International Affairs, Room 1004
Video: Night Talk with Mike Schneider
December 23rd, 2008
Edmund S. Phelps is McVickar Professor of Political
Economy
at Columbia
University, director of Columbia's
Center
on
Capitalism and Society and
the winner of the 2006 Nobel Prize for Economics. He is a Fellow of the
National Academy of Science and both a Distinguished Fellow and a
former Vice-President of the American
Economic Association. This year
he was named Chevalier of the Legion of Honor, won the Premio Pico
della
Mirandola for humanism and the Kiel Global Economy Prize.
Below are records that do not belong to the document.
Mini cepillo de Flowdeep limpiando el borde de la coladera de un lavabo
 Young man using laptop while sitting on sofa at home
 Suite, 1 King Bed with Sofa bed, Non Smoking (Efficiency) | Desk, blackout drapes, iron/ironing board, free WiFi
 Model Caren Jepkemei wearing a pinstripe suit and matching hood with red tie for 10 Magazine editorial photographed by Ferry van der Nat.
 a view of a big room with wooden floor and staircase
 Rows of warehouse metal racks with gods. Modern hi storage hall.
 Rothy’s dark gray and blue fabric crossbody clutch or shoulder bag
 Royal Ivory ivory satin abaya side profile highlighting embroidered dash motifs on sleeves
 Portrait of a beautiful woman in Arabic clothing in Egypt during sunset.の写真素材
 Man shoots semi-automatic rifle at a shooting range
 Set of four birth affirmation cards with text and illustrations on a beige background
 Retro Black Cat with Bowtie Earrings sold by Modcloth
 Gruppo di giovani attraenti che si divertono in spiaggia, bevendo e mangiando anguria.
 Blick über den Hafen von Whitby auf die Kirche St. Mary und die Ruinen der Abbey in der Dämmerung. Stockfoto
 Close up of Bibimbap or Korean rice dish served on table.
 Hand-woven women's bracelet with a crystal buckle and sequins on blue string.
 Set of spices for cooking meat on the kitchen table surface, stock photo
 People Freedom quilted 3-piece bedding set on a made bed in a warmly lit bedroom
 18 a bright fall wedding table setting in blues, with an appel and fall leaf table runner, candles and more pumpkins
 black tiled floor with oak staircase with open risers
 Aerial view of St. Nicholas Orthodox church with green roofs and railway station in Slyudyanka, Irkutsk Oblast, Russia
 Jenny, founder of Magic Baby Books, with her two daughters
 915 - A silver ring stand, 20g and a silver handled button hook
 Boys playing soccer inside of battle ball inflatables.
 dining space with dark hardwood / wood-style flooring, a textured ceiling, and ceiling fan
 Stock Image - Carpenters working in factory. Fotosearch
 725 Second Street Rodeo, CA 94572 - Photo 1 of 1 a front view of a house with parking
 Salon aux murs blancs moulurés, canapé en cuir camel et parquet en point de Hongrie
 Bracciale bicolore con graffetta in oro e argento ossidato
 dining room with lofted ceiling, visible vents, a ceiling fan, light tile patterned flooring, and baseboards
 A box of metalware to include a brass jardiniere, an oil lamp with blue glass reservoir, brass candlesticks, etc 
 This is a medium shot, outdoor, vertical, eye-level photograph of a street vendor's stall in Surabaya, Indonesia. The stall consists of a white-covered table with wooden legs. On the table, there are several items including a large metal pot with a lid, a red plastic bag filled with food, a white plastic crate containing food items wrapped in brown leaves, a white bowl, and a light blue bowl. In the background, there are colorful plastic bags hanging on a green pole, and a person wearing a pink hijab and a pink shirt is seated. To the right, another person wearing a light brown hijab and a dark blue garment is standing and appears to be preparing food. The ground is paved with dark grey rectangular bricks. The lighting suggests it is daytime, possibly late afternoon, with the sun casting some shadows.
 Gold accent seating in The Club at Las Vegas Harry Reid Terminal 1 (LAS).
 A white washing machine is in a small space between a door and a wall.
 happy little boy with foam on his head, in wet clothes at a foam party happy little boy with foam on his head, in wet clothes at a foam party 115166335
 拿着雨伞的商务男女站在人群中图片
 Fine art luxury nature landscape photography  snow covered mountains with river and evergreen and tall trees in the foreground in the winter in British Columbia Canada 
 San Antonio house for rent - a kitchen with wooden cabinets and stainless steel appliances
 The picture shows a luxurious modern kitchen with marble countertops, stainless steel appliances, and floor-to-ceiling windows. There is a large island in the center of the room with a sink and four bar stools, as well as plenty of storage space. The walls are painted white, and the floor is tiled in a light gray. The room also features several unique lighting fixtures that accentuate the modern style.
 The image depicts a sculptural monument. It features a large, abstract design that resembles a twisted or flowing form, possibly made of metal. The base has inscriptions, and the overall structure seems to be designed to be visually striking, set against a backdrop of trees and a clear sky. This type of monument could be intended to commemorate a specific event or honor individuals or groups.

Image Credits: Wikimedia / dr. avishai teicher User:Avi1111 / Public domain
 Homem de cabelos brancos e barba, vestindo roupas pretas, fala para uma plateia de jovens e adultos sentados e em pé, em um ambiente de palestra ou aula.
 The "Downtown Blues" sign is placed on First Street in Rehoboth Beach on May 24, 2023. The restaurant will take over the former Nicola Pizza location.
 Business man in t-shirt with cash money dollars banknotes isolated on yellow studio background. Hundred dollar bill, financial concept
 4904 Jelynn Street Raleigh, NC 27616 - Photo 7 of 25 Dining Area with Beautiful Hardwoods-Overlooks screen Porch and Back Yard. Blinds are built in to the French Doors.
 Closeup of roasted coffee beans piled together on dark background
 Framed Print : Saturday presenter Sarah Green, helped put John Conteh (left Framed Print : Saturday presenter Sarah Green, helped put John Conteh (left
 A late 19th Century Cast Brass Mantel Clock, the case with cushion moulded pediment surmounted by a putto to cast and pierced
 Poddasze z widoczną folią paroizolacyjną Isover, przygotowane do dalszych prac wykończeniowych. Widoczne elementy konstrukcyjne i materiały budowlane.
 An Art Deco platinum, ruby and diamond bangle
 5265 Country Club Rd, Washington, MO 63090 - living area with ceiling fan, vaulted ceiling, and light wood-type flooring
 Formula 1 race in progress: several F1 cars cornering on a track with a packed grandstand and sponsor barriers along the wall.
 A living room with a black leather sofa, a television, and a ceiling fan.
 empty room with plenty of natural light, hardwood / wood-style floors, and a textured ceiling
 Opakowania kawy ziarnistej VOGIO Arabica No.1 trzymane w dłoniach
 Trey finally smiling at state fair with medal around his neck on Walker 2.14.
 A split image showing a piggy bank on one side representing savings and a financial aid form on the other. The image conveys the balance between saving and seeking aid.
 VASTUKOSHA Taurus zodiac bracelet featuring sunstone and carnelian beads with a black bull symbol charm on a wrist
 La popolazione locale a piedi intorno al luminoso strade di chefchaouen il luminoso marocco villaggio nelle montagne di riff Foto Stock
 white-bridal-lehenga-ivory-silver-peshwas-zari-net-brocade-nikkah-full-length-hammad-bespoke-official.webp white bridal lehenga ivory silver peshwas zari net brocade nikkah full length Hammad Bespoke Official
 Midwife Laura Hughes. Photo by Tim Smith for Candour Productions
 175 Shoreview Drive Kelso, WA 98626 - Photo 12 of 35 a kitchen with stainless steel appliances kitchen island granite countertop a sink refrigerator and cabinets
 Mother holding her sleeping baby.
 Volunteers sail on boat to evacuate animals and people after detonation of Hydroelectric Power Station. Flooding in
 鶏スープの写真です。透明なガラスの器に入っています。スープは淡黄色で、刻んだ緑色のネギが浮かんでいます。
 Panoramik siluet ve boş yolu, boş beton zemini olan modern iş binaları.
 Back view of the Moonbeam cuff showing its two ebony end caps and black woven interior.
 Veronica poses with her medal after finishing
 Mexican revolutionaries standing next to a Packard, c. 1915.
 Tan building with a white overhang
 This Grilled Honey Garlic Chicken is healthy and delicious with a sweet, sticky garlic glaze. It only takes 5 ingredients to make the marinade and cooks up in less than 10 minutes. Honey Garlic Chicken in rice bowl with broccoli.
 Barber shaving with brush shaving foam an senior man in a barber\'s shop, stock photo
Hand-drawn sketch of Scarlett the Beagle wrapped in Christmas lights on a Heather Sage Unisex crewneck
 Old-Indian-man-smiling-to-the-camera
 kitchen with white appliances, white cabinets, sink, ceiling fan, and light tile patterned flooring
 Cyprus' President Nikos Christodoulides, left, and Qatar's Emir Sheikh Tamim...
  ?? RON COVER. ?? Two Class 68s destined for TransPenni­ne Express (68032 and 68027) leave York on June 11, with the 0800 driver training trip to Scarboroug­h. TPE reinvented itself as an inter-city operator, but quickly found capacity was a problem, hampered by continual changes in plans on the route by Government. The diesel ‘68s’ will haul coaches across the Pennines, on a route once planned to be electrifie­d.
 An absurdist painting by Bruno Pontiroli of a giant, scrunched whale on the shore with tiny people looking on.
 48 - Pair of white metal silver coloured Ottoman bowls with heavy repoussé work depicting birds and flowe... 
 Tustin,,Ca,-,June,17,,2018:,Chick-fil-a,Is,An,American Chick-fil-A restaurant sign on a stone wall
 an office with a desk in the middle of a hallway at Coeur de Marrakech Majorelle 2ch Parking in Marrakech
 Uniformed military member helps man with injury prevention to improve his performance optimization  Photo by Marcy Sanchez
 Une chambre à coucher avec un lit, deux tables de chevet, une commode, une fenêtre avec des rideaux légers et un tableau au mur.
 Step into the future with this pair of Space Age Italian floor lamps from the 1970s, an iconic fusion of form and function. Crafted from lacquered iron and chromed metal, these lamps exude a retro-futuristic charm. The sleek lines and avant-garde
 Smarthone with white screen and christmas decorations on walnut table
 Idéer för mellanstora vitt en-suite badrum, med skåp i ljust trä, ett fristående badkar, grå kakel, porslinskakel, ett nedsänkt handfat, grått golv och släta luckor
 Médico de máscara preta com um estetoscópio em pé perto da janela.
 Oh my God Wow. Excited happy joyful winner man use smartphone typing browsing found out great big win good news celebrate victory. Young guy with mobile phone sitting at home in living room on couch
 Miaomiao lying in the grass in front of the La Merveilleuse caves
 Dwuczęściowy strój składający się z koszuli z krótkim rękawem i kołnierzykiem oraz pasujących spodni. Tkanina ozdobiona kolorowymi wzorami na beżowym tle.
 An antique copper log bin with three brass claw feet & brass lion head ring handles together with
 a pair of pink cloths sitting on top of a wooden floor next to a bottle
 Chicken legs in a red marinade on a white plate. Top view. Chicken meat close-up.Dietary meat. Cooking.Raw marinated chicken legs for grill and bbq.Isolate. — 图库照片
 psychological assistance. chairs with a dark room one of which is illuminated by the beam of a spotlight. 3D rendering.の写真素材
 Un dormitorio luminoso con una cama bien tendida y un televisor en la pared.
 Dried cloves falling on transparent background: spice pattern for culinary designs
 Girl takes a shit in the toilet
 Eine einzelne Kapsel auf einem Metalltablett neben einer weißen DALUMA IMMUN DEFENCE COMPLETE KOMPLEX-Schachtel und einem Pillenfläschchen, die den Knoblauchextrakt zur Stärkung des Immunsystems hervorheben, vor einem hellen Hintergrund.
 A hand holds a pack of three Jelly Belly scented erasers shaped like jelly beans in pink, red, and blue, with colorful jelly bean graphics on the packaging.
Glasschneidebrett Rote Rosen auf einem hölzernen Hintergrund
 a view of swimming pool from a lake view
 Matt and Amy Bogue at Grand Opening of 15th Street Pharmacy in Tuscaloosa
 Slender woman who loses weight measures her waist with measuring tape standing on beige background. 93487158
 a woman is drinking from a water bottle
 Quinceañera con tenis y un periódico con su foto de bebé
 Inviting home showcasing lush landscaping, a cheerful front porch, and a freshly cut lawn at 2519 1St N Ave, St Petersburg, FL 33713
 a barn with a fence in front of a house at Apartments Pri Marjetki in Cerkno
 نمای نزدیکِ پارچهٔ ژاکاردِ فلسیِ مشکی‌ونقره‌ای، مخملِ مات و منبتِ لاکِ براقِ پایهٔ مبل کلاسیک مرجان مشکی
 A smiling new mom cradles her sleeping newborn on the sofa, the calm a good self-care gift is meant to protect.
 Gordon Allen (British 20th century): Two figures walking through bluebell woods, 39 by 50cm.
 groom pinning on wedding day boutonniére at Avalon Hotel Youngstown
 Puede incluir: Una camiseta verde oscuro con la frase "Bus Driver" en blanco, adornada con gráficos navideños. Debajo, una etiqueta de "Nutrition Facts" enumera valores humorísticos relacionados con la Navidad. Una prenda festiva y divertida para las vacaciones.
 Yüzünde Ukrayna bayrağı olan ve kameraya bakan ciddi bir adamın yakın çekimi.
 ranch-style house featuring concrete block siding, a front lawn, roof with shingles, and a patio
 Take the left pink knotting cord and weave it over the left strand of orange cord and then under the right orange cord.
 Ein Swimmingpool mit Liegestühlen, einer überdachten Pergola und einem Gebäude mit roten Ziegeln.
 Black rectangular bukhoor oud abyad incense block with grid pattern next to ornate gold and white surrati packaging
His
research has spanned economic growth,
including the Golden Rule of
saving, microeconomic foundations of inflation and employment dynamics,
structuralist models of unemployment determination, dynamism and
inclusion in capitalist and corporatist
systems, and the good economy.
Edmund
Phelps joined the Department
of Economics at Columbia in 1971 after
several years at Pennsylvania and earlier Yale. He was named McVickar
Professor
of Political Economy in 1982. He is the 2006 winner of the Nobel Prize
in
Economics.
Phelps’s
work is best known for
introducing in the late
’60s an expectations-based microeconomics into the theory of
employment determination and
price-wage dynamics. Keynes’s
great work of the ’30s had left it unexplained why
involuntary unemployment is observed even in the best of times
and
why a drop of aggregate “effective demand” causes a
rise of unemployment – why not a prompt fall of money wages
and prices by just enough to forestall
a fall of employment? The
challenge was to resolve these issues while continuing to posit
the elementary rationality that economics traditionally ascribed
to
workers, consumers and firms.
In
Phelps’s “micro-macro” models,
attaining
equilibrium in the markets – meaning participants’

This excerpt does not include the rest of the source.